■ What is required
Your task is to retype, exactly and without pictures, the line holding "Ford Mondeo 501z" and each line that follows it to the end of the entries.

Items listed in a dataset

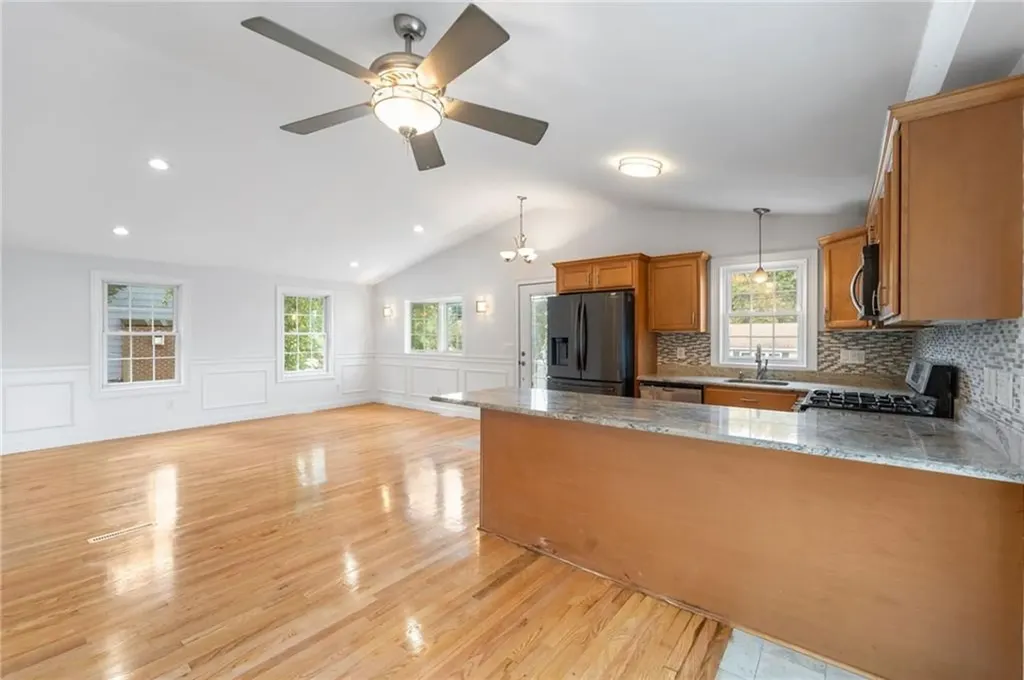 26 Carlton Avenue Warwick RI 02889
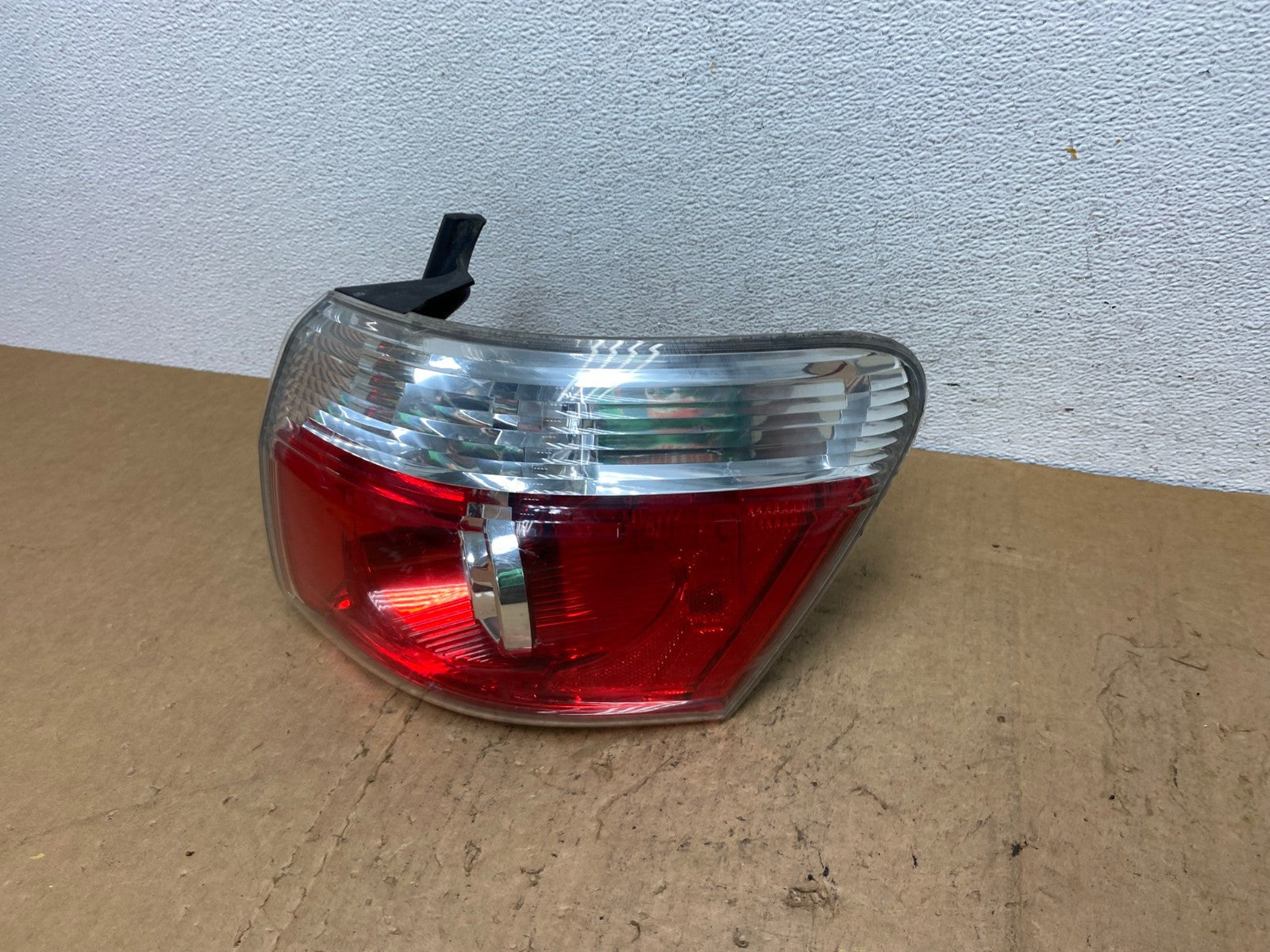 2007 to 2012 GMC Acadia Halogen Tail Light Right Passenger RH Side AD0614 LK1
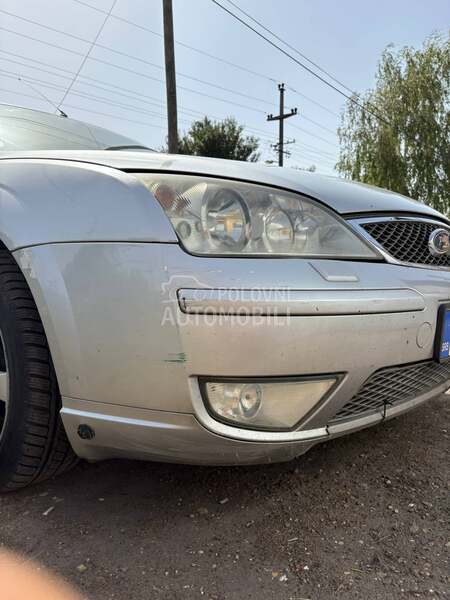 Ford Mondeo 501z 2004. god. -  kompletan auto u delovima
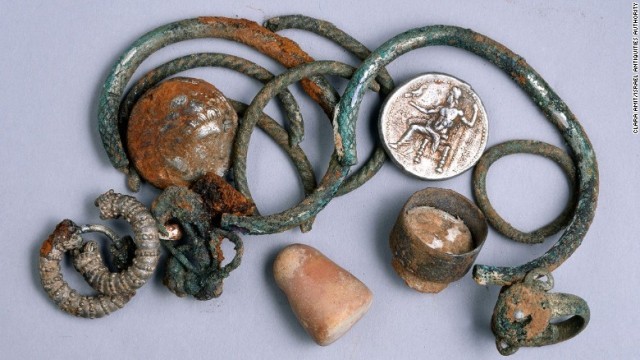 鍾乳洞で銀貨やアクセサリーが発見された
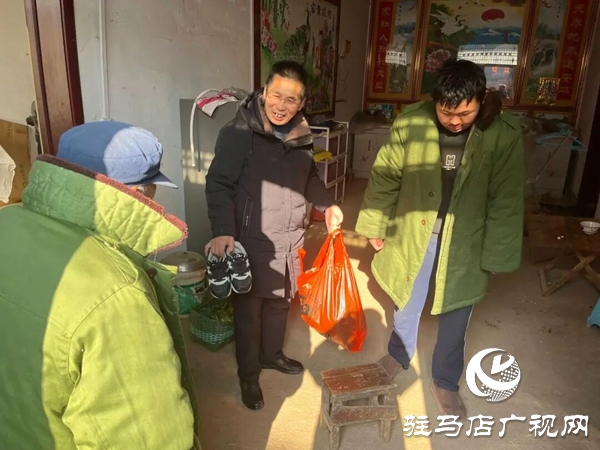河南省平輿縣中等職業(yè)學(xué)校學(xué)校開(kāi)展獻(xiàn)愛(ài)心送溫暖活動(dòng)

■ Final answer
 Ford Mondeo 501z 2004. god. -  kompletan auto u delovima
 鍾乳洞で銀貨やアクセサリーが発見された
河南省平輿縣中等職業(yè)學(xué)校學(xué)校開(kāi)展獻(xiàn)愛(ài)心送溫暖活動(dòng)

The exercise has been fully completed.